Available data:
-=-=-=-=-
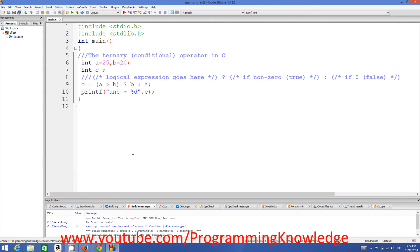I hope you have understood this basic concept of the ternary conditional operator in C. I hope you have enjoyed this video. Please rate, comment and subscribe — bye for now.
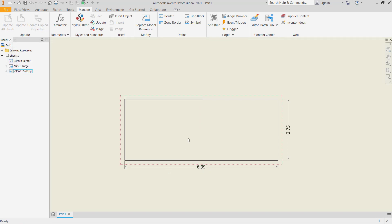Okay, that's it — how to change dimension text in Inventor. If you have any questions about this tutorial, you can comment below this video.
-=-=-=-=-
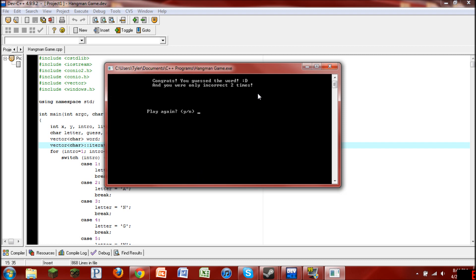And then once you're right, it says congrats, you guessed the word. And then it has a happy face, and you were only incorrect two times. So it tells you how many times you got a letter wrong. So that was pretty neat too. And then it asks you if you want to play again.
-=-=-=-=-
What you need to do: From the data above, retype only the lines starting with the line with "I hope you have understood" and going on through the line with "Okay, that's it", exactly, leaving out the pictures.

Task result:
I hope you have understood this basic concept of the ternary conditional operator in C. I hope you have enjoyed this video. Please rate, comment and subscribe — bye for now.
Okay, that's it — how to change dimension text in Inventor. If you have any questions about this tutorial, you can comment below this video.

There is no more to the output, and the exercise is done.